Summer is the perfect time for self care! With the stress of classes and finals behind me, I am finally able to recharge my body and my soul. After spying a box of Lemon Zest LUNA Bars at the grocery store, I decided to start the summer off with a real bang and do the LUNA Cleanse: simply one LUNA bar, every two hours, for seven days. Check out my crazy Cleanse Log below; LUNA bars empowered, emboldened and invigorated me so much, I transformed into Luna, the moon from the 1997 Playhouse Disney TV show Bear in the Big Blue House!
Day one of the LUNA Cleanse! Today I ate eleven Lemon Zest LUNA Bars and am feeling bold, inspired and ready to blaze my own trail.
Day two of the LUNA Cleanse! I was feeling extra ravenous today, so I ended up eating 18 Lemon Zest LUNA Bars. If I’m being completely honest, I spent a few hours on the toilet expelling organic milled flaxseed, and estrogen. However, I am inspired to continue this cleanse because as the back of every LUNA bar says, I’m gonna be someone who makes ME happy!
Day three of the LUNA Cleanse! Wow, this is getting tough. I’m sick of tearing these wrappers open, and I’m starting to forget what it’s like to eat food that is not marketed towards a single gender. On the bright side, the president of Clif Bar retweeted this selfie! #LUNALIVING #GARYERICKSON #CLIFDADDY #CLIFME
Day four of the LUNA Cleanse! It was super hot out today, so my friends from high school and I went to the beach to cool off. It was really fun, and the girls even split a LUNA bar for a yummy sand-time snack! However, whenever I went close to the shore the tide would get so freaking crazy? Ugh!
Day Five of the LUNA Cleanse! Something is happening to my body. I can’t say I’m surprised, because I’ve pounded 78 Lemon Zest LUNA Bars over the past five days. But I feel really…strange. My face is getting rounder, my mouth seems to be widening and I’m emotionally volatile — my mood is constantly waxing and waning. I thought about going to the doctor, but I decided to push through the pain.
Day six of the LUNA Cleanse! WOW WOW WOW! I woke up this morning and I couldn’t believe my big, round eyes. I feel so nourished, so ethereal, so powerful. I no longer need to sleep! I love to sing! I am attracted to sky, sexually. I spent the entire day searching for tall oak trees or local credit unions to climb to the top of so I can be as close as possible to the stars. The more LUNA Bars I eat, the more my skin just glows.
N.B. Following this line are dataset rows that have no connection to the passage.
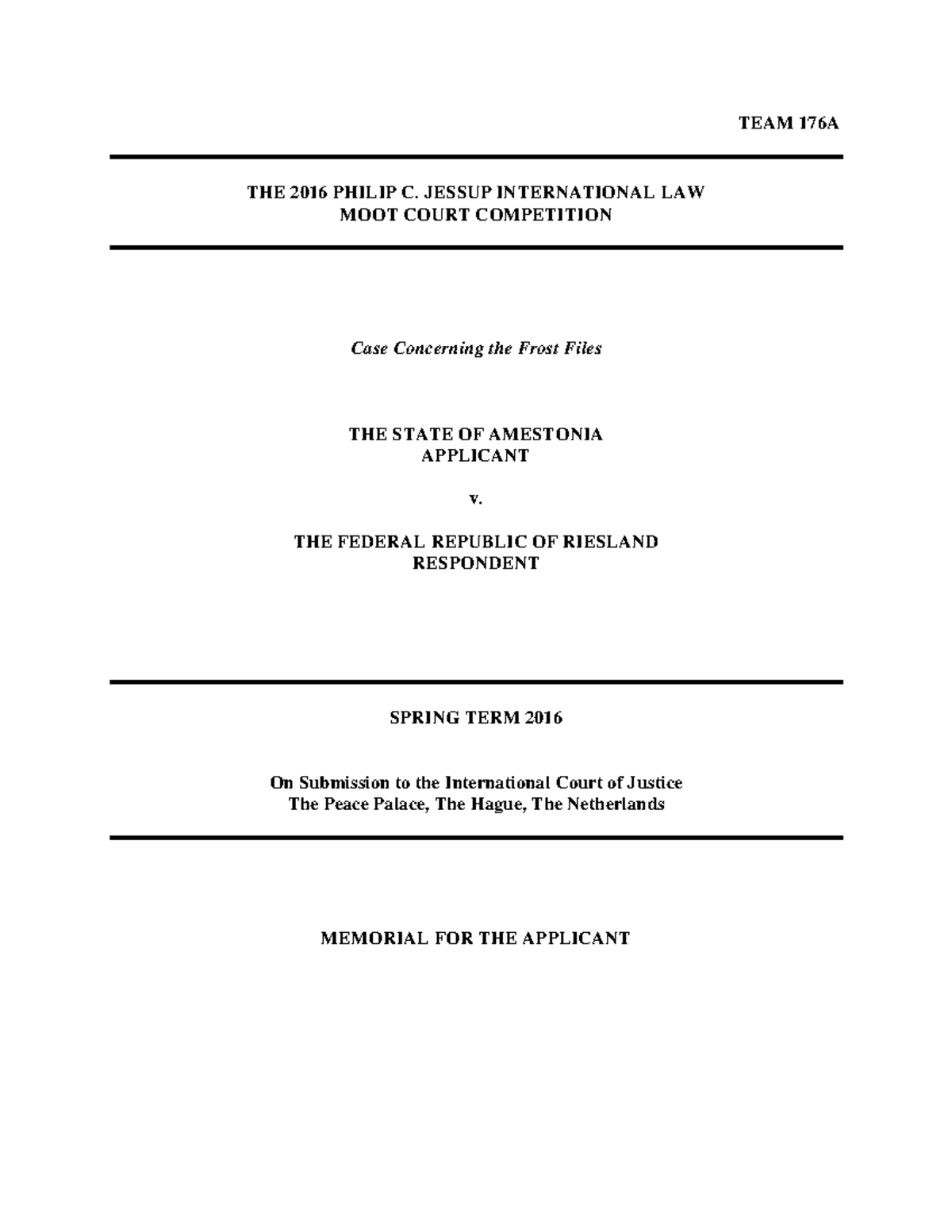 Moot Court Memorial Model On Behalf Of(Appellant) - LLB - Studocu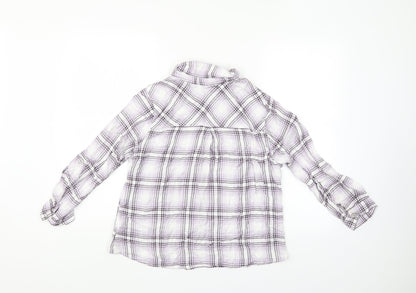 M&Co Womens Multicoloured Check  Basic Button-Up Size 14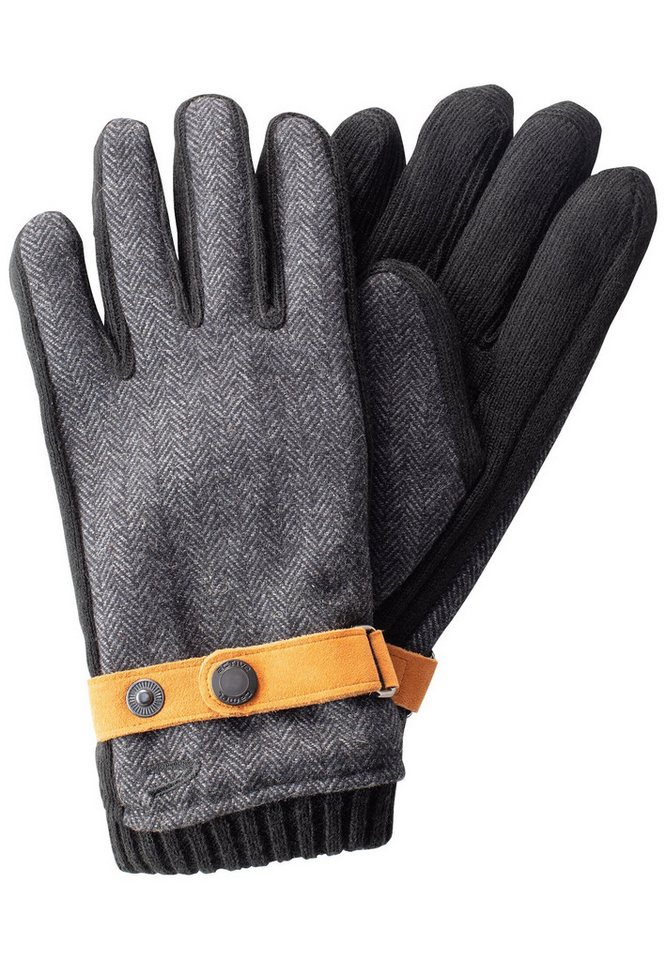 camel active Baumwollhandschuhe Handschuhe mit Lederriemen in Wolloptik von camel active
Day Seven of the LUNA Cleanse! Today was monumental. I didn’t realize it in the moment, but I can now see that my consumption of over 120 Lemon Zest LUNA Bars this week has resulted in a complete physical, mental and soulful transformation from 20year-old Midwestern Jewess to ageless, wise moon puppet Luna from Bear in the Big Blue House.
I am so proud to be Luna from Bear in the Big Blue House. I will spend the rest of the summer consuming LUNA Bars in order to maintain my lunar form and searching my hometown for bipedal muppet bears that want to chronologically discuss the events of their day on a blue balcony. Thank you, LUNA Bars, for pushing me to discover my true self. And now, off to shine my light on all the wonderful places and woodland creatures in this beautiful world. Goodbye, goodbye, good friends, goodbye. Cause now it’s time to go.